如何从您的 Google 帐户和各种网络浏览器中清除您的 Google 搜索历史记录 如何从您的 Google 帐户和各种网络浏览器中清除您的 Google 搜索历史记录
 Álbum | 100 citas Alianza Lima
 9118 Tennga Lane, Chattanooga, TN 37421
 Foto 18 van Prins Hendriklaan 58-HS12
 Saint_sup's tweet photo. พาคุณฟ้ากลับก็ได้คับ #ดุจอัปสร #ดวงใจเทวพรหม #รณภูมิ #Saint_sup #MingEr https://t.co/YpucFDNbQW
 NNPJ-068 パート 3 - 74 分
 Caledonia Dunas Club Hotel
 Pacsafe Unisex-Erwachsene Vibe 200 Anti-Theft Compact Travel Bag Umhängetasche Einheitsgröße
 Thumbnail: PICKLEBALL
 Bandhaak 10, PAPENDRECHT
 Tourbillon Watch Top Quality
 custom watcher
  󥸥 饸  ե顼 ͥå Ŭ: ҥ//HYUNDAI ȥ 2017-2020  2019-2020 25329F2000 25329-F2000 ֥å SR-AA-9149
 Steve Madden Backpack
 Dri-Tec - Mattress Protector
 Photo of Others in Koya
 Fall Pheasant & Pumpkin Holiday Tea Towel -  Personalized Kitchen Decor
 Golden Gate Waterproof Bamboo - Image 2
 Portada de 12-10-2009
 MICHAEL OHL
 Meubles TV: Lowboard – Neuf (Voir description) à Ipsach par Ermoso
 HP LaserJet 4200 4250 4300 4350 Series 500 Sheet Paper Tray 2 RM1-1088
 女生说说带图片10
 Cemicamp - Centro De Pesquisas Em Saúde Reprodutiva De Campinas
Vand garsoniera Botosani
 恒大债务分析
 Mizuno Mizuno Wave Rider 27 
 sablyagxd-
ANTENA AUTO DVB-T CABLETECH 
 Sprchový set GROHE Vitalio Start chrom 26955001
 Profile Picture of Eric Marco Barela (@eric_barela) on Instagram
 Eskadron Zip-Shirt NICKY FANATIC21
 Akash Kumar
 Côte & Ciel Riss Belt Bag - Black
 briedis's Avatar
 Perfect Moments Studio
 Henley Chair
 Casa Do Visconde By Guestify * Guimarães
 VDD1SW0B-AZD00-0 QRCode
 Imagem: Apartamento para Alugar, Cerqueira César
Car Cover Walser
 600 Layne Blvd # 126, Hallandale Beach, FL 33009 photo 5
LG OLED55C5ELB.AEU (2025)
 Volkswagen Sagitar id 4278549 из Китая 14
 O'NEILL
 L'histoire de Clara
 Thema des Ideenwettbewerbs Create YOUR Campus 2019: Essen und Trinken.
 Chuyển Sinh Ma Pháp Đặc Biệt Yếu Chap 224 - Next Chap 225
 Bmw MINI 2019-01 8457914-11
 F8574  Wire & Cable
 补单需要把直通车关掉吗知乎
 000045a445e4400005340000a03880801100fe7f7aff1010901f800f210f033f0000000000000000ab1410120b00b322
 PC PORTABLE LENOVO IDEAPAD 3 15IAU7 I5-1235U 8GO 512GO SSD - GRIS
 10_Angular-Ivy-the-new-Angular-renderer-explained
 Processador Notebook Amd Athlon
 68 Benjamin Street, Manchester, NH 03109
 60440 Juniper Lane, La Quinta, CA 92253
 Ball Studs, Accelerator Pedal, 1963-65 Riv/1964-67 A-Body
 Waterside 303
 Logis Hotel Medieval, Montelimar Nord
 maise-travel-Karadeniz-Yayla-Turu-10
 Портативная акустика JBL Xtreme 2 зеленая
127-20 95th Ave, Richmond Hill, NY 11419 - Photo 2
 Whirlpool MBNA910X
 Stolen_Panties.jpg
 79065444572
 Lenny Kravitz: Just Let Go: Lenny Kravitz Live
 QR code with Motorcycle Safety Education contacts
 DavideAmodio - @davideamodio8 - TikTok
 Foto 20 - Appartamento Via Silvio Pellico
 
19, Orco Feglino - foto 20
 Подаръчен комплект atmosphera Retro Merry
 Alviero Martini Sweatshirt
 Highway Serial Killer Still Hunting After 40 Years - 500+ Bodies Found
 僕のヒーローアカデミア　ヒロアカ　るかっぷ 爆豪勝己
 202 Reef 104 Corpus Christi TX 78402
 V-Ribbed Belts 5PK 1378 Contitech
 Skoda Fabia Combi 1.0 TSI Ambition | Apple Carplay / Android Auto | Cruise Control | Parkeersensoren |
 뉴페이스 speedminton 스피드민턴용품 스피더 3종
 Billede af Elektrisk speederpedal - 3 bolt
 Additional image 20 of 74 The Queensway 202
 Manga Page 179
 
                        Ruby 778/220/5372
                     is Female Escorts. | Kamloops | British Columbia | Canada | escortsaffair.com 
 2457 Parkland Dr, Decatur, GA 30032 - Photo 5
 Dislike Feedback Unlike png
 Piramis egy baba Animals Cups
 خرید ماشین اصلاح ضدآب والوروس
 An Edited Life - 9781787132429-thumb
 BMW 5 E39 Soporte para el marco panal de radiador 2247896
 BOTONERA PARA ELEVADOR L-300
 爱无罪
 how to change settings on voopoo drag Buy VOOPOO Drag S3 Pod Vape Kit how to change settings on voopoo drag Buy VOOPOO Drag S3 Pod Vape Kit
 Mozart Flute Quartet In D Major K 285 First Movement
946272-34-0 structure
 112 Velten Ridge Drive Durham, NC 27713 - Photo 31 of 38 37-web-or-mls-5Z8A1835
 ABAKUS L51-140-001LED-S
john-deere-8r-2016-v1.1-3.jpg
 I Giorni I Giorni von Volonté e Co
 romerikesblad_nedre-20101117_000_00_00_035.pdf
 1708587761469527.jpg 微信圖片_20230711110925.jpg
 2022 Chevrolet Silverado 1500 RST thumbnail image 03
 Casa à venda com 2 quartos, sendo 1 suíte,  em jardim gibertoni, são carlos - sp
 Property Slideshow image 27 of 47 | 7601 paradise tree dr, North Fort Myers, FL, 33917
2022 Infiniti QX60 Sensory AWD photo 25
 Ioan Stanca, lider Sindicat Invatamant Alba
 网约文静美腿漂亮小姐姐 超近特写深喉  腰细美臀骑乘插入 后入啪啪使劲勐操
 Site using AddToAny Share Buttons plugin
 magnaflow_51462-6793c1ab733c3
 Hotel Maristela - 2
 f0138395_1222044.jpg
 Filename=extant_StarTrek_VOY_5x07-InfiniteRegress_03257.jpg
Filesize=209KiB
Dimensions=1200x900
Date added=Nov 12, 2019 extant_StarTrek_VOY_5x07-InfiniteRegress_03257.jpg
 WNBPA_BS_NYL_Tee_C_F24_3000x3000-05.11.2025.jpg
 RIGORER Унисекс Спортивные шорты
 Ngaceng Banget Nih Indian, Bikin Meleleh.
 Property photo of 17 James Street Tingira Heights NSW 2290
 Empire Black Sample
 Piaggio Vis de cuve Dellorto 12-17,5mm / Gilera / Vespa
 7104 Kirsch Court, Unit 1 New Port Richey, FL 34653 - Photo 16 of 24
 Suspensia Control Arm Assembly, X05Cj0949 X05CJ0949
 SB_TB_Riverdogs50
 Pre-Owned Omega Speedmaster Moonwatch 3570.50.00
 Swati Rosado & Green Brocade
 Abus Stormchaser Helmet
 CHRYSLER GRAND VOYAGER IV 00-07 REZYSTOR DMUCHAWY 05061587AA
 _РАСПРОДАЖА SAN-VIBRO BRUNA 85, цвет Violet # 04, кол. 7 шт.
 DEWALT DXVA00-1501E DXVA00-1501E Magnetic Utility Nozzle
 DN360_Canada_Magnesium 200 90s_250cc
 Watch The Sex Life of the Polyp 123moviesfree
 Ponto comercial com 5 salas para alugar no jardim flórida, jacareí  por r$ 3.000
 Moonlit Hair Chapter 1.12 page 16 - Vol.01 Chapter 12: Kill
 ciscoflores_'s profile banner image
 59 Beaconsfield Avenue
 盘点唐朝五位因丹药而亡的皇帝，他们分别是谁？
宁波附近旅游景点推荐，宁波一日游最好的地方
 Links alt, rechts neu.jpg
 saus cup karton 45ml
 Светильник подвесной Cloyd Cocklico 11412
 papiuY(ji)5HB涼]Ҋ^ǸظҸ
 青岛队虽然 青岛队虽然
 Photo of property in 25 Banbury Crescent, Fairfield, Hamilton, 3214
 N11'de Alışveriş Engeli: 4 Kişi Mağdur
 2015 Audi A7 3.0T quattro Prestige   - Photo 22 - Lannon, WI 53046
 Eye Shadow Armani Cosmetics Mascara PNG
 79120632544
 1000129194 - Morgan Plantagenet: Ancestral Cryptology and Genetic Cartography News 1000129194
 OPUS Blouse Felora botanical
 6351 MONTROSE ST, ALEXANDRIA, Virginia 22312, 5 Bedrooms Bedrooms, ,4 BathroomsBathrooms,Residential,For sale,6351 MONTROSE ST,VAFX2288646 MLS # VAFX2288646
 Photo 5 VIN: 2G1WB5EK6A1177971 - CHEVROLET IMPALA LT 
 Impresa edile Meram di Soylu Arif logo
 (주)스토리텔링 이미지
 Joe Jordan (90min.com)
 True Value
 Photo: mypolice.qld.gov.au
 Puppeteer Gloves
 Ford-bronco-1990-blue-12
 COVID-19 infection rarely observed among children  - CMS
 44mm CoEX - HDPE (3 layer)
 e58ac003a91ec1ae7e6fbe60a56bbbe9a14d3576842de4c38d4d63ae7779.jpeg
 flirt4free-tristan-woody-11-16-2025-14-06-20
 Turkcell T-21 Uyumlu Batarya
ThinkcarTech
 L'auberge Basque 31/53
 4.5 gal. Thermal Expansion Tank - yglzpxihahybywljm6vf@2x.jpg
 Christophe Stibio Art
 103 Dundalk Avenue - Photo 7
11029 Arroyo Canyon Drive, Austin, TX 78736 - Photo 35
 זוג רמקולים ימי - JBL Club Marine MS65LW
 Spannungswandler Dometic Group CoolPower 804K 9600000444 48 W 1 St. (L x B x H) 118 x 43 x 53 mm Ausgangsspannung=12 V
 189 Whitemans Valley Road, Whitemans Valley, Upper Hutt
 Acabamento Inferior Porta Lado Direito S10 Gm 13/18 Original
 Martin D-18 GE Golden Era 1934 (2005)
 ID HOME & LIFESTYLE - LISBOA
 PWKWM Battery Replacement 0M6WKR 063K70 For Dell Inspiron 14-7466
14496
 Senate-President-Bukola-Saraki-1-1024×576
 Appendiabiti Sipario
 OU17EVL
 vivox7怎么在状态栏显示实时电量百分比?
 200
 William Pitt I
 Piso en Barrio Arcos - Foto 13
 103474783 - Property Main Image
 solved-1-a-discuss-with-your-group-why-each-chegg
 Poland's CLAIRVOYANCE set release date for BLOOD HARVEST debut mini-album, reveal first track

# YOUR ASSIGNMENT:
Copy out each line of the data where the string "with" appears.

# EXPECTED OUTPUT:
 QR code with Motorcycle Safety Education contacts
 solved-1-a-discuss-with-your-group-why-each-chegg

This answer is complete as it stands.